Dietmar Maurer dietmar@ximian.com
24 May 2002 20:23:11 +0200


On Fri, 2002-05-24 at 19:18, Michael Giagnocavo wrote:
> >> 	Just assemble this -- it is a very simple case.  It also
> >> demonstrates how the cpblk doesn't have to work when the src and dest
> >> addresses overlap.  Test it on MSFT's CLR and you'll see that it
> >> eventually fails (and sometimes works).  It'd be cool if Mono's
> always
> >> worked (even though Partition III specifies "unspecified" behaviour
> if
> >> src and dest overlap).
> 
> > I just implemented it using unix memcpy(). Doku for memcpy states it
> > does not work for overlapping regions, but IMO it makes no sense to
> make
> > that work, it only makes things slower.
> 
> Hmm.  What if I want to move a block up by a few bytes?

Dick convinced me to use memmove which works with overlapping regions.
(until someone can prove that it is a performance problem).
 
> 
> >> 	This is only a lame test, I'm working on a much longer test
> >> that's more accurate (protects IP) -- if you like I can send that
> later.
> 
> > I would like to have a test that fails if CPBLK does not work.
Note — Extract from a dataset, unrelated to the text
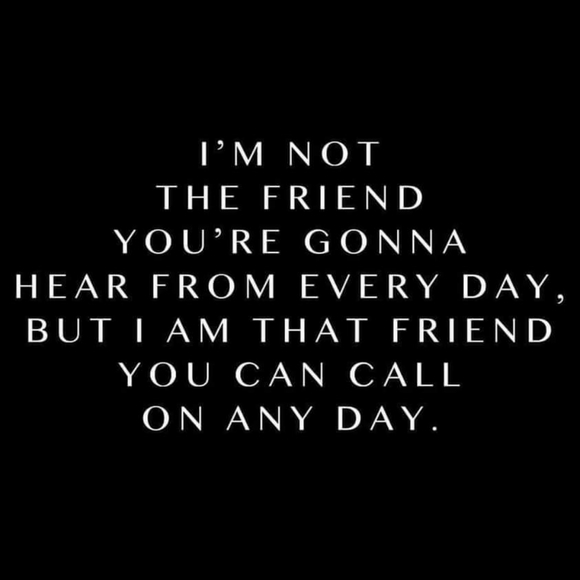 Meet your Posher, Donna - Picture 4 of 5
Your
> test
> > even pass if i implement CPBLK as NOP! 
> 
> Well, not a NOP, since then the program would be invalid (throws me a
> System.InvalidProgramException, since NOP does not have the same
> signature. 

I meant implementing it in the jit using a nop instruction - i does not
show an exception/error in that case, so i cant use it for regression
tests.

 But you're right, I shouldn't have sent such bad code.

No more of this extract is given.